With a minimal compilation (minimizeJar [1]) results are not convincing:
1437 classes (original guava) -> 919 (minimized guava - limited to only
what we use / use transitively)
Here is a configuration:
https://gist.github.com/lfryc/b86d64c2a20843db0ec2
But no one says we do even need to use it minimizeJar. ;-)
[1]
http://maven.apache.org/plugins/maven-shade-plugin/shade-mojo.html#minimi...

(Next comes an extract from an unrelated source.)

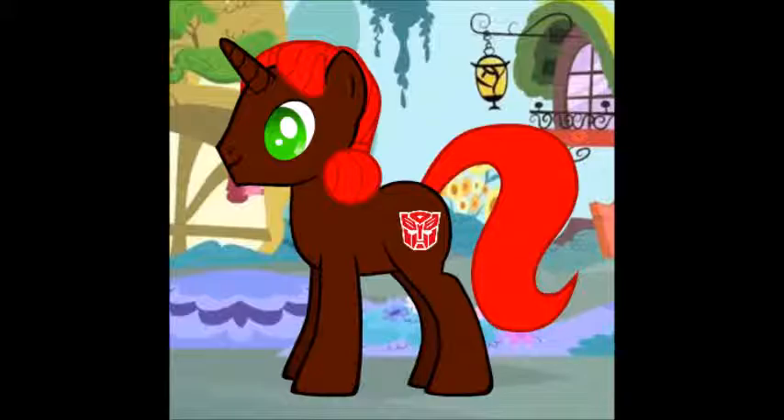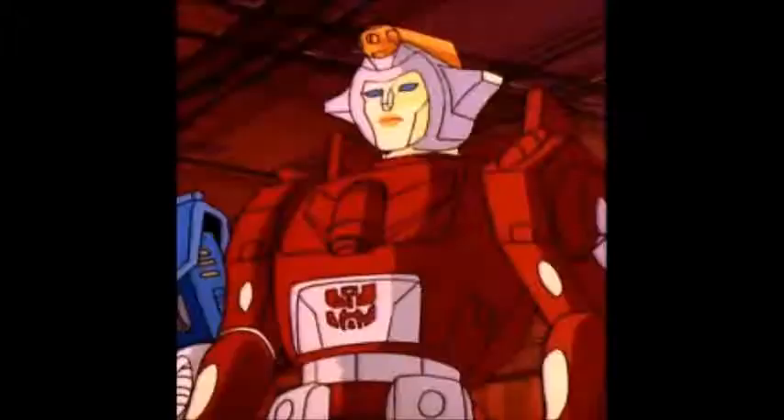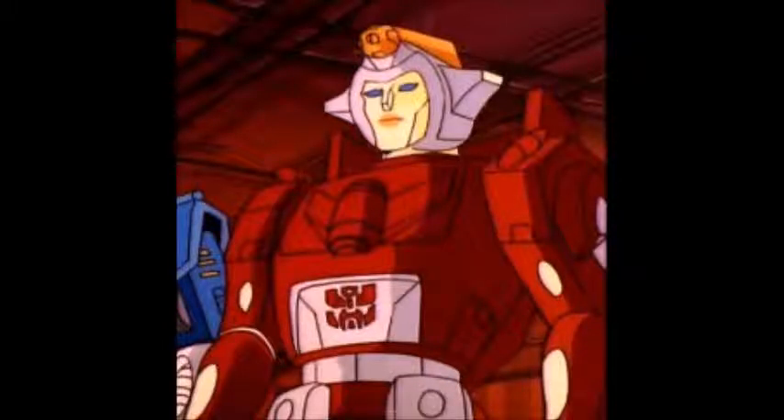But to celebrate the occasion, I decided to review a T1 Transformer, a female robot — Chromia. Now, I have been talking about RC, but not even a female robot from T1. And here we go.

On Wed, Feb 12, 2014 at 9:55 PM, Brian Leathem <bleathem(a)gmail.com> wrote:
On Wed 12 Feb 2014 12:39:46 PM PST, Lukáš Fryč wrote:
>
> It would be nice to remove one more dependency.
+1. I don't like the idea of dropping it altogether though. Many of
the abstractions it introduces are quite useful and lead to cleaner code.
> On Tue, Feb 11, 2014 at 7:07 PM, Cody Lerum
> <richfaces-dev(a)lists.jboss.org <mailto:richfaces-dev@lists.jboss.org>>
> wrote:
>
> Maybe RF shouldn't depend on Guava or at a minimum shouldn't
> depend on anything annotated @Beta as Closables was
> (
http://docs.guava-libraries.googlecode.com/git-history/v13.0.1/javadoc/in...
)
+1 for sticking to the stable API.
We could re-explore the idea of shading guava into the richfaces jar
under a different package name. The downside here is it would be easy
to forget about upgrading the library, however this would no longer
effect user applications nor interact with leaky containers.